Retrieving data from an HTML table using Python

I want to extract data from an HTML table using a Python script and save it as variables (which I can later use in the same script after loading them, if they exist) into a separate file.
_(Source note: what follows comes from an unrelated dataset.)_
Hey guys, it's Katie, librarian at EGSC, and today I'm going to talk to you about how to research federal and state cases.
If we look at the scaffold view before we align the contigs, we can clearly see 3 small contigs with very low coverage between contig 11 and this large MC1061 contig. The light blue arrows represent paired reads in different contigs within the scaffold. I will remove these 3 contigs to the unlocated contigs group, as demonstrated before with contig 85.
I also want the script to ignore the first row of the table (Component, Status, Time / Error). I would prefer not to use external libraries.
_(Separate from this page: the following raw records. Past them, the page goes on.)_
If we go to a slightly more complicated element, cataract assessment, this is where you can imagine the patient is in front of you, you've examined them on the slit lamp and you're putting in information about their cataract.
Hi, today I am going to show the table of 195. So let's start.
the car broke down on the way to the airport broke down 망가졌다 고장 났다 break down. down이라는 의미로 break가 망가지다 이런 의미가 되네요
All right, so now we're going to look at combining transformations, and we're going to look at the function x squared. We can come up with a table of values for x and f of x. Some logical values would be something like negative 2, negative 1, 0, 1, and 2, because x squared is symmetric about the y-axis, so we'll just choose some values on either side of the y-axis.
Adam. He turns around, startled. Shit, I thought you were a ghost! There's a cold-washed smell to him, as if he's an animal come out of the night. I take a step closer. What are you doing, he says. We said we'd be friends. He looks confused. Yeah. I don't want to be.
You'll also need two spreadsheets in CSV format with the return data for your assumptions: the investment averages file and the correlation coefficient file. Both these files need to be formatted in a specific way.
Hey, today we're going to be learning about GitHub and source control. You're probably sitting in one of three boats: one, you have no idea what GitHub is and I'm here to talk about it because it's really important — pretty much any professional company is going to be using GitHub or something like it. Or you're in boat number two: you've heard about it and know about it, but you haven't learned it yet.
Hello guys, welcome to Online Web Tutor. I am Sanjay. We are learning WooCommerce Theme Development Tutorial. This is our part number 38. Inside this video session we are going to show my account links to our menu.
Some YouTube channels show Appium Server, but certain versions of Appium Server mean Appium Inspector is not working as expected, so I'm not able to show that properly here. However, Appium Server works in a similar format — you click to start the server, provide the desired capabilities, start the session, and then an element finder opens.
The output to the new file should be like this:

SAVE_DOCUMENT_STATUS = "OK" SAVE_DOCUMENT_TIME = "0.408" GET_DOCUMENT_STATUS = "OK" GET_DOCUMENT_TIME = "0.361" ... 

And here is the script entry:

 <table border=1> <tr> <td><b>Component</b></td> <td><b>Status</b></td> <td><b>Time / Error</b></td> </tr> <tr><td>SAVE_DOCUMENT</td><td>OK</td><td>0.408 s</td></tr> <tr><td>GET_DOCUMENT</td><td>OK</td><td>0.361 s</td></tr> <tr><td>DVK_SEND</td><td>OK</td><td>0.002 s</td></tr> <tr><td>DVK_RECEIVE</td><td>OK</td><td>0.002 s</td></tr> <tr><td>GET_USER_INFO</td><td>OK</td><td>0.135 s</td></tr> <tr><td>NOTIFICATIONS</td><td>OK</td><td>0.002 s</td></tr> <tr><td>ERROR_LOG</td><td>OK</td><td>0.001 s</td></tr> <tr><td>SUMMARY_STATUS</td><td>OK</td><td>0.913 s</td></tr> </table> 

I tried to do this in bash, but since I need to compare * _TIME variables with the maximum time, it fails because they are floating point numbers.

+4
source share
2 answers

Using lxml :

 import lxml.html as lh content='''\ <table border=1> <tr> <td><b>Component</b></td> <td><b>Status</b></td> <td><b>Time / Error</b></td> </tr> <tr><td>SAVE_DOCUMENT</td><td>OK</td><td>0.408 s</td></tr> <tr><td>GET_DOCUMENT</td><td>OK</td><td>0.361 s</td></tr> <tr><td>DVK_SEND</td><td>OK</td><td>0.002 s</td></tr> <tr><td>DVK_RECEIVE</td><td>OK</td><td>0.002 s</td></tr> <tr><td>GET_USER_INFO</td><td>OK</td><td>0.135 s</td></tr> <tr><td>NOTIFICATIONS</td><td>OK</td><td>0.002 s</td></tr> <tr><td>ERROR_LOG</td><td>OK</td><td>0.001 s</td></tr> <tr><td>SUMMARY_STATUS</td><td>OK</td><td>0.913 s</td></tr> </table> ''' tree=lh.fromstring(content) for key, status, t in zip(*[iter(tree.xpath('//td/text()'))]*3): print('''{k}_STATUS = "{s}" {k}_TIME = "{t}"'''.format(k=key,s=status,t=t.rstrip(' s'))) 

gives

 SAVE_DOCUMENT_STATUS = "OK" SAVE_DOCUMENT_TIME = "0.408" GET_DOCUMENT_STATUS = "OK" GET_DOCUMENT_TIME = "0.361" DVK_SEND_STATUS = "OK" DVK_SEND_TIME = "0.002" DVK_RECEIVE_STATUS = "OK" DVK_RECEIVE_TIME = "0.002" GET_USER_INFO_STATUS = "OK" GET_USER_INFO_TIME = "0.135" NOTIFICATIONS_STATUS = "OK" NOTIFICATIONS_TIME = "0.002" ERROR_LOG_STATUS = "OK" ERROR_LOG_TIME = "0.001" SUMMARY_STATUS_STATUS = "OK" SUMMARY_STATUS_TIME = "0.913" 
+4
source

Well, if your HTML document really has such a stable structure (which makes me scratch my head, because it's pretty rare), you can use regular expressions:

 >>> import re >>> r = re.compile('<tr><td>(.*)</td><td>(.*)</td><td>(.*) s</td></tr>') 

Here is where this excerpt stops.